I had paid my other bills before I found out. Living indoors with electricity and food is kinda my jam. & Since my nieces and nephews are here, that has to come first.

That left me $200 short for my healthcare bill, right when I found out I'm not getting paid. Luckily family was able to offer help before the bill is due.

But of course that's after my doctor's appointments this week. No big deal. I'm only finding out IF I STILL HAVE CANCER this week.

It's just the week of my sleep apnea mask fitting. And sleeping well was only expected to help around 60 - 75% of my issues after a week.

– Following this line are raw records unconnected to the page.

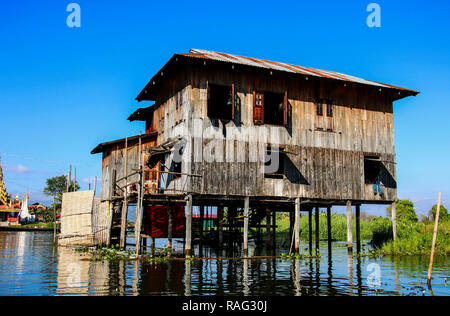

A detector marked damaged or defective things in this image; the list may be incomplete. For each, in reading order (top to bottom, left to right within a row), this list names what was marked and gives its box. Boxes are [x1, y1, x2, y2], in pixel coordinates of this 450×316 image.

rusty metal roof [184, 48, 422, 94]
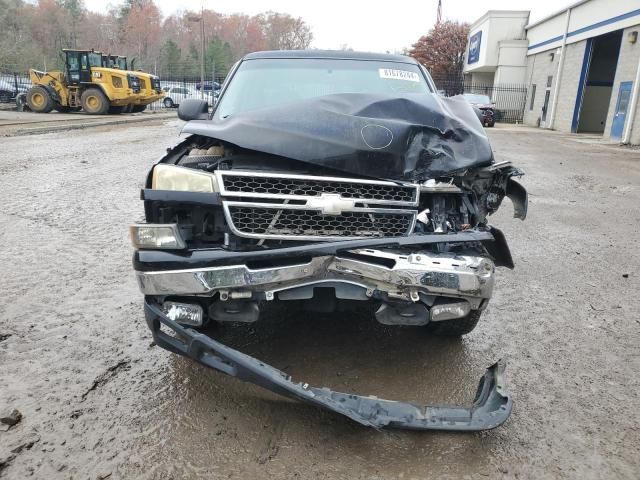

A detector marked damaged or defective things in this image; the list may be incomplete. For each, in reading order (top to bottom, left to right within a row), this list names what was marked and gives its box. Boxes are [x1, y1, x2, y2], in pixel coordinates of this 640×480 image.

crumpled hood [182, 93, 492, 181]
damaged headlight assembly [129, 50, 524, 434]
wrecked front end [129, 92, 524, 430]
detached bumper cover on ground [144, 300, 510, 432]
crumpled fender [144, 300, 510, 432]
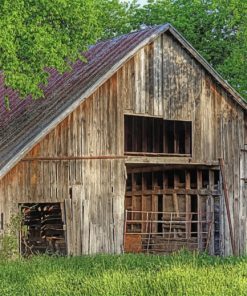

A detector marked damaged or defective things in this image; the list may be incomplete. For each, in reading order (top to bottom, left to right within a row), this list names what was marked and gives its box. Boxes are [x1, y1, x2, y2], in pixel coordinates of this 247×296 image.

rusted metal roof [0, 23, 246, 178]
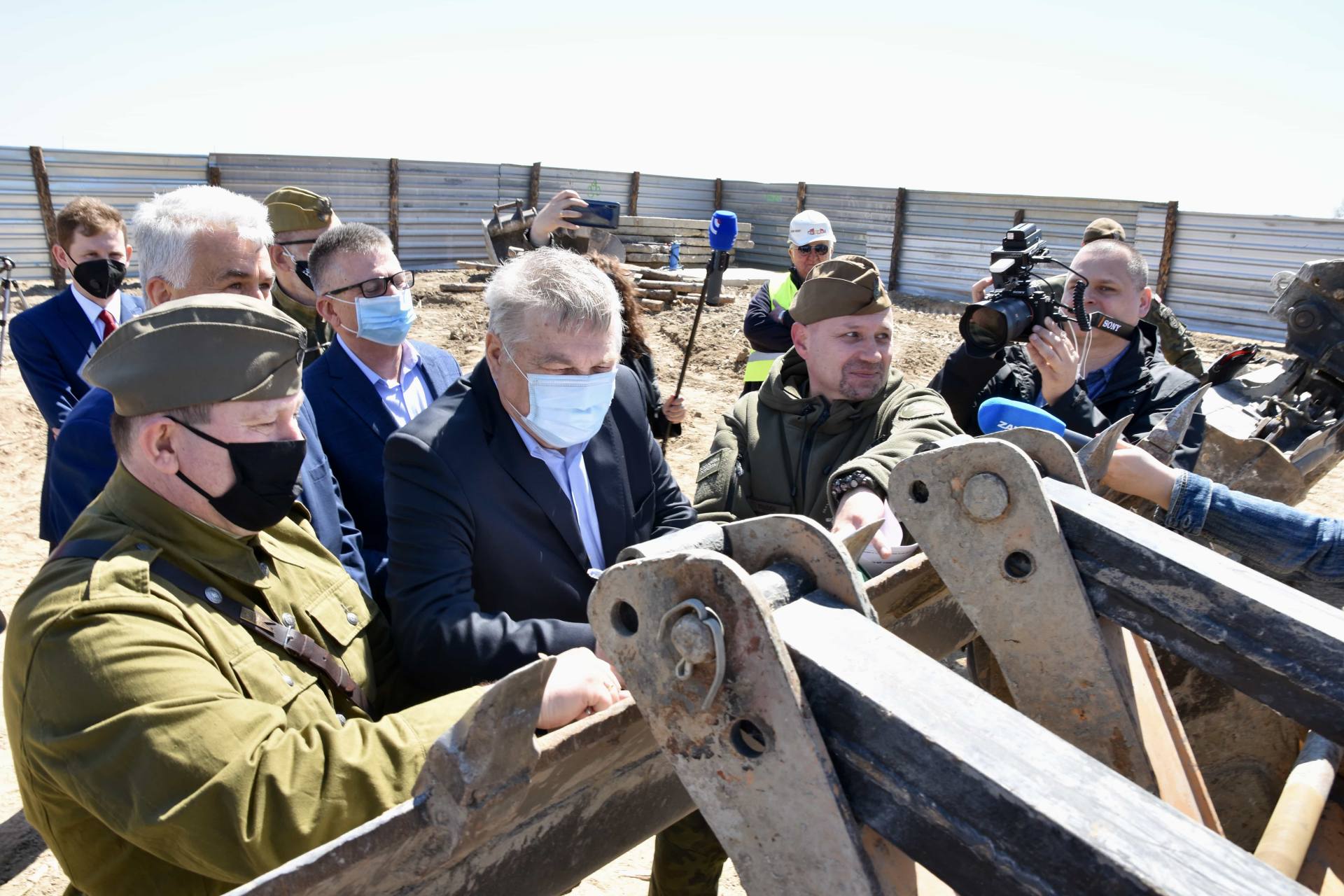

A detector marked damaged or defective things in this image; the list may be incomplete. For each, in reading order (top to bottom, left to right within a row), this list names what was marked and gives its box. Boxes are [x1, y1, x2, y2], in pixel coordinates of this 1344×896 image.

rusted metal beam [27, 146, 64, 287]
rusted metal beam [887, 188, 908, 293]
rusted metal beam [1156, 200, 1177, 295]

I know that I'm basically whining that my car is a Nova in a world where most struggle to even have cars. I know that.

But I was supposed to find out if I'm cancer free in August. It's so hard to plan your life when you don't know if you're about to start #chemo again & can't sleep so you can only work part time.

This has been going on for MONTHS & I'm about to lose it & last summer my health care costs were covered by Maryland & I can't take these delays anymore.

I'm losing my grip and I can't even schedule therapy because I don't have coverage until I pay the bill which is why I need therapy!

So when you're wondering if this ACA fight is worth it? Or if Democrats in Congress would make a difference?

Spare those of us struggling to navigate the healthcare system a thought. We matter. So do you. We can do this. And we must.

I remember how my life was different when I could just go to the doctor.

I paid for years into the tax system and I feel I deserve that back. We all do. Even those who can't.

Ok so I'm going to cry for a while and I'll be back when I can pull myself together. Ta.